**ENTRIES SHOWN**
· · · · · · ·

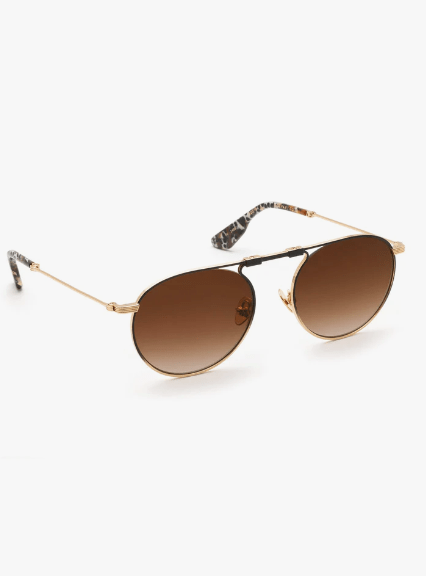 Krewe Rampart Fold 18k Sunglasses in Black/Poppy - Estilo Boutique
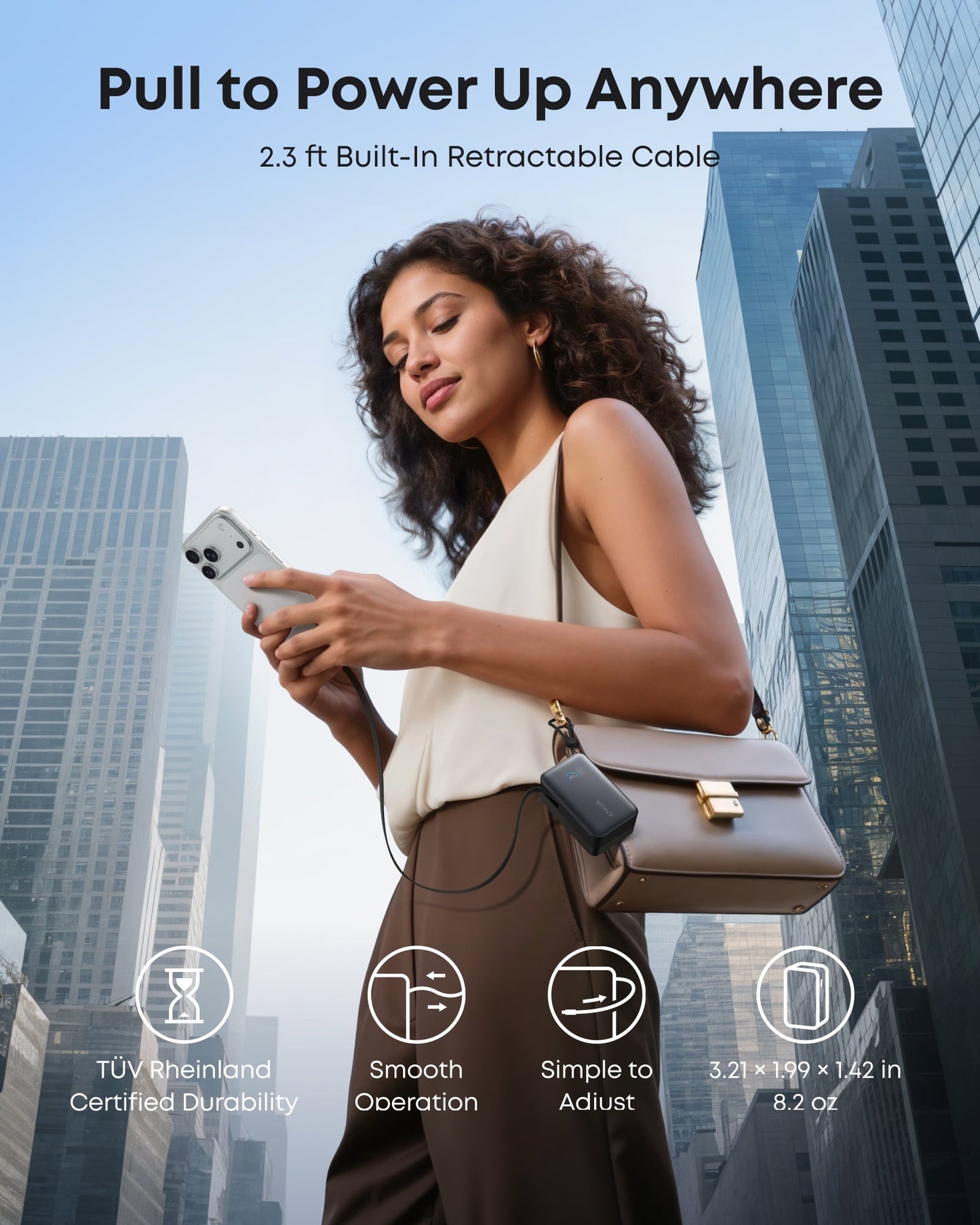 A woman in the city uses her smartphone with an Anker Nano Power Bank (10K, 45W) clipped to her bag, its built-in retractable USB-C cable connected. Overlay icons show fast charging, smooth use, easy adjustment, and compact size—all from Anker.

· · · · · · ·

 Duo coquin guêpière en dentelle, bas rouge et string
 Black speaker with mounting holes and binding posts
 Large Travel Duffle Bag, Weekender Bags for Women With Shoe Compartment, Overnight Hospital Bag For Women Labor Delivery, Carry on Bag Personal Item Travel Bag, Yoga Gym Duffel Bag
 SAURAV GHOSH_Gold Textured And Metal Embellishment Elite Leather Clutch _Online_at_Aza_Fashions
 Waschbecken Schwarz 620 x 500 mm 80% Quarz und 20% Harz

· · · · · · ·

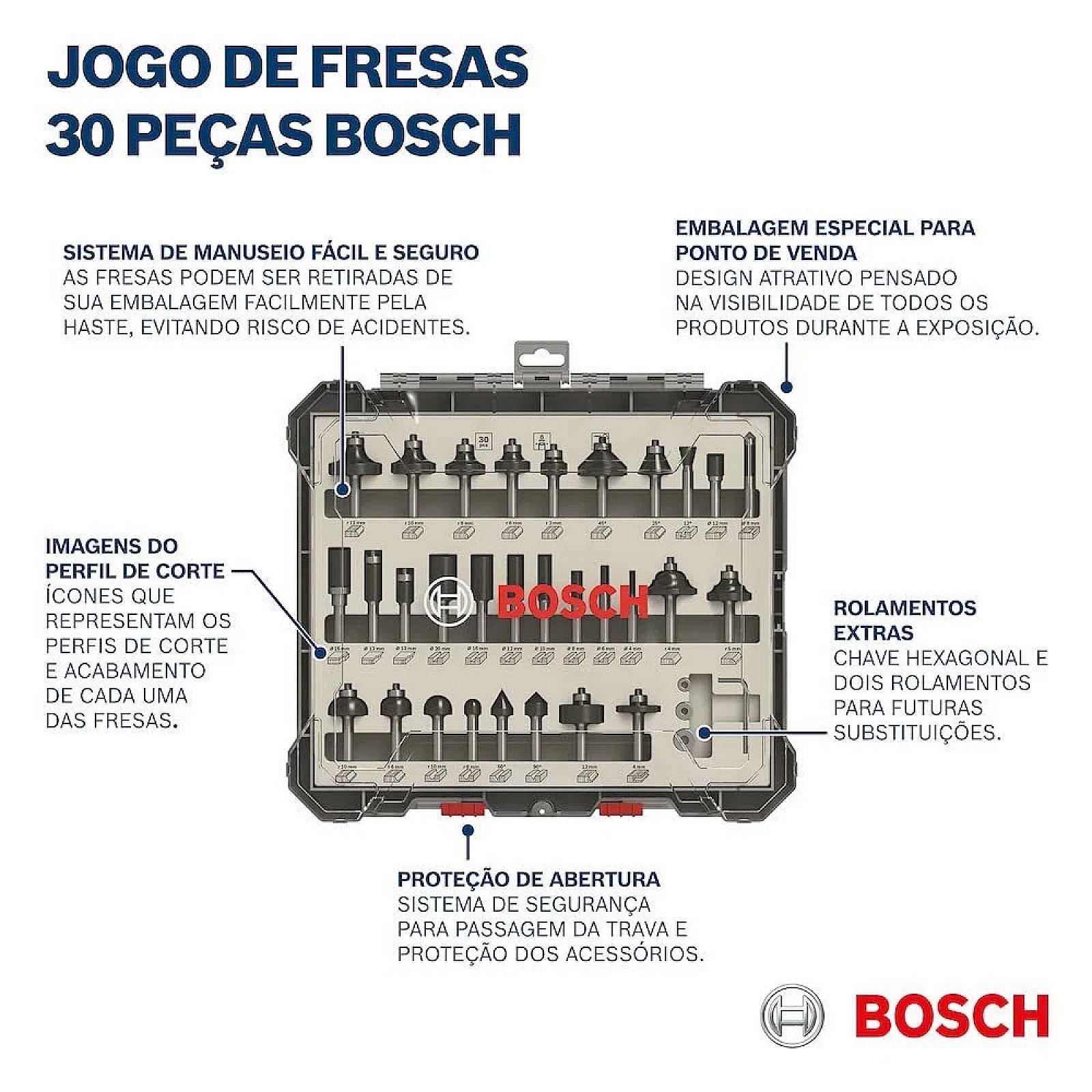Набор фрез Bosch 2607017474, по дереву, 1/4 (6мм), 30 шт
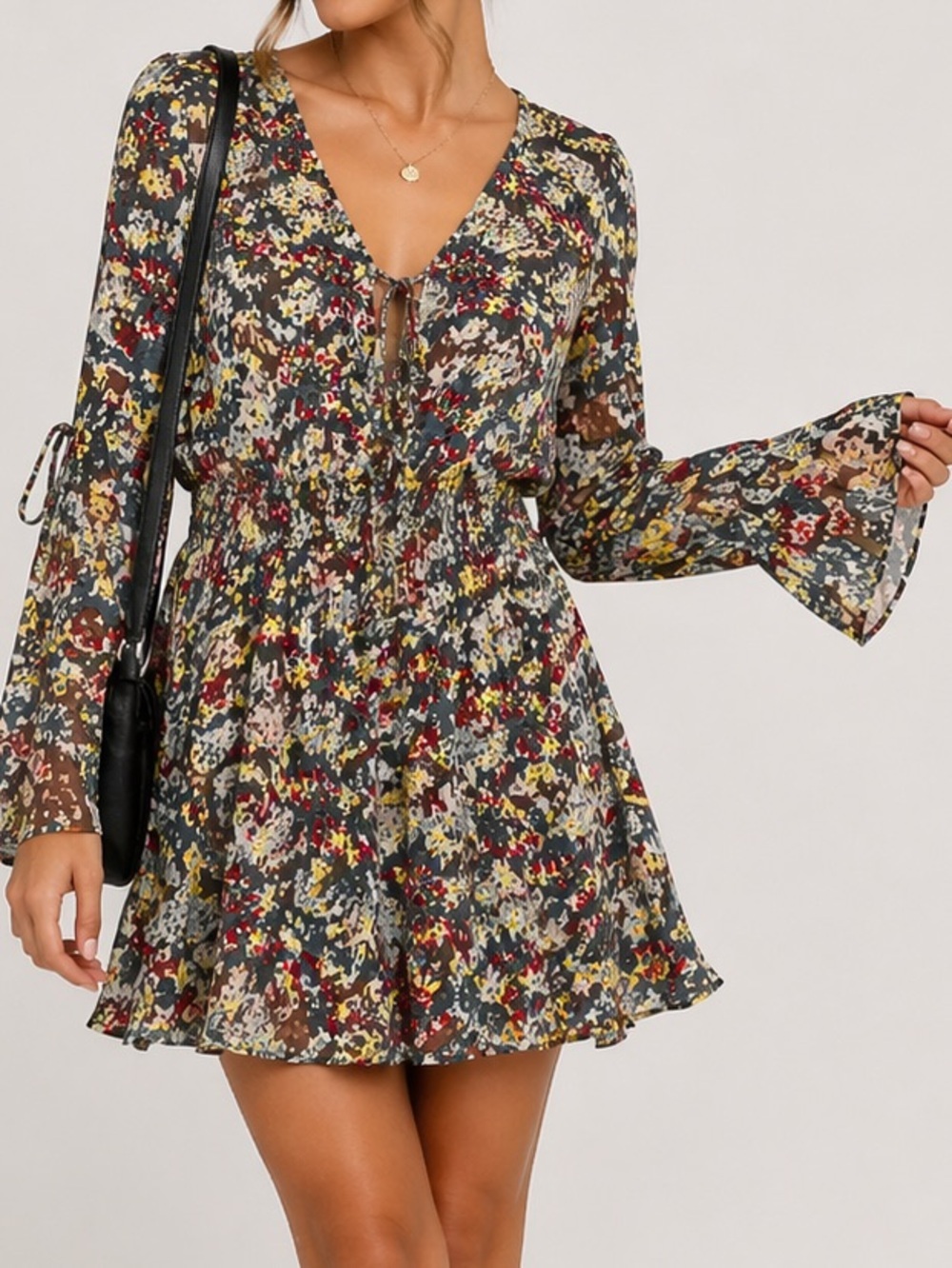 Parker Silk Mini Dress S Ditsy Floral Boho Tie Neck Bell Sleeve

· · · · · · ·

**ABOUT THIS EXERCISE**
Your task is to copy only the lines above starting at the one containing "Krewe Rampart Fold" and ending at the one containing "A woman in the". Copy them exactly, both ends included, and omit the pictures.

**RESULT FOR THIS EXERCISE**
 Krewe Rampart Fold 18k Sunglasses in Black/Poppy - Estilo Boutique
 A woman in the city uses her smartphone with an Anker Nano Power Bank (10K, 45W) clipped to her bag, its built-in retractable USB-C cable connected. Overlay icons show fast charging, smooth use, easy adjustment, and compact size—all from Anker.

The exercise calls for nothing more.